# feeding piranha crayfish



## JesseD (Mar 26, 2003)

i live near a river called River Raisin.

i can catch crayfish in certain areas of the river like it is my job. i have heard that crayfish are "dirty" and should not be fed to piranha if u just caught them out of a river/lake or where ever else.

my question is...how would i go about "cleaning" them before i put them in the tank with my piranha for them to eat? basically just quarintine them?

thanks


----------



## FeederFish33 (Jan 22, 2003)

quarantine them for about 2 weeks.


----------



## JesseD (Mar 26, 2003)

what would u suggest i feed them for this 2 week period?


----------



## JesseD (Mar 26, 2003)

nm. ill just feed them fish, shrimp, water plants, worms, insects, snails, and plankton.

i dont understand how a crayfish could survive in a P tank though. its almost impossibel to freeze a crayfish (unless the water is 32 degrees), but they dont like warm temperatures at all.

would they eventually die in 80-82 degree water or can they handle it???


----------



## Glowin_Navi (Apr 21, 2003)

They can handle the temperature.
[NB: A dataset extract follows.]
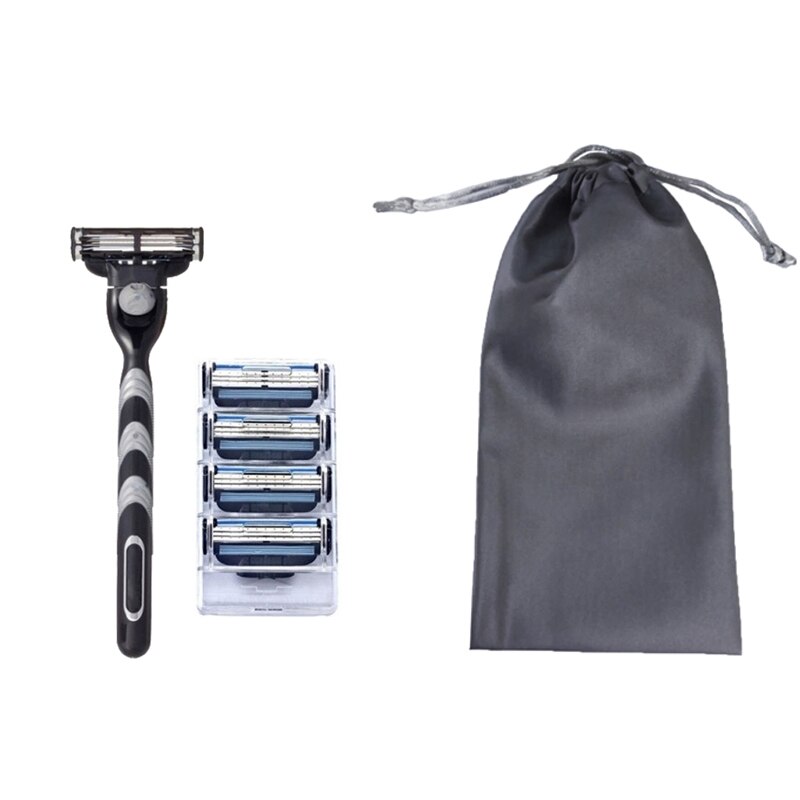 3 lags barberingspleje klassisk rustfrit stål glat barbering manuel barbermaskine #39 mænds sikkerhedsbarberblade: Himmelblå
Ive had mine for a long time in my tank, and 82 degrees is fine.


----------



## Red Bellied Bad Ass (May 25, 2003)

I believe Jesse is looking to feed the crayfish to his P-fish not give them a tankmate.
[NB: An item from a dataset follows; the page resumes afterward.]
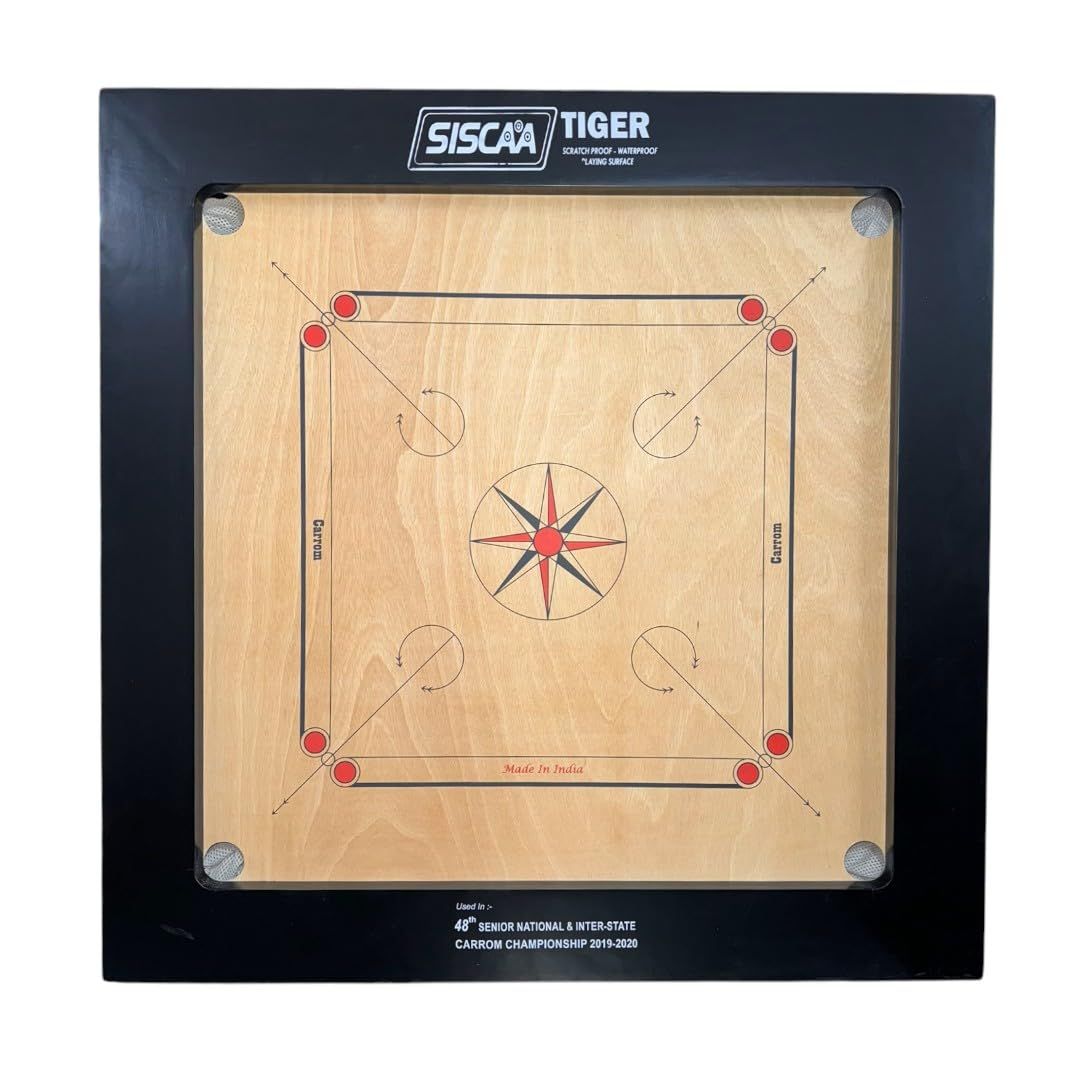 Siska Tiger Carom Bord 20mm – Siscaa Carrom Boad 4x2 – Caram Bord Scratch Proof Smooth Finish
If the water they come from is not seriously polluted I would just give throw them in, if the crayfish have any internal parasites I doubt if they could be passed on to P-fish because P-fish have cast iron stomachs with a lot of acid and I have yet to see one die from internal parasites in the 12 years I have kept them.

Whatever the P-fish do not eat right away remove immediately because shellfish spoil very quickly (the reason crayfish, lobster etc. is thrown alive into a boiling pot for human consumption) and that would be the major health concern.

If you do go the quaratine route, the commercial farmers of crawdads raise them in shallow ponds and feed them hay, you could probably substitute grass clippings or leaves assuming the lawn or trees weren't treated with chemicals.


----------



## JesseD (Mar 26, 2003)

thanks!

that helps a lot









the crayfish are meant as a meal...not a tankmate


----------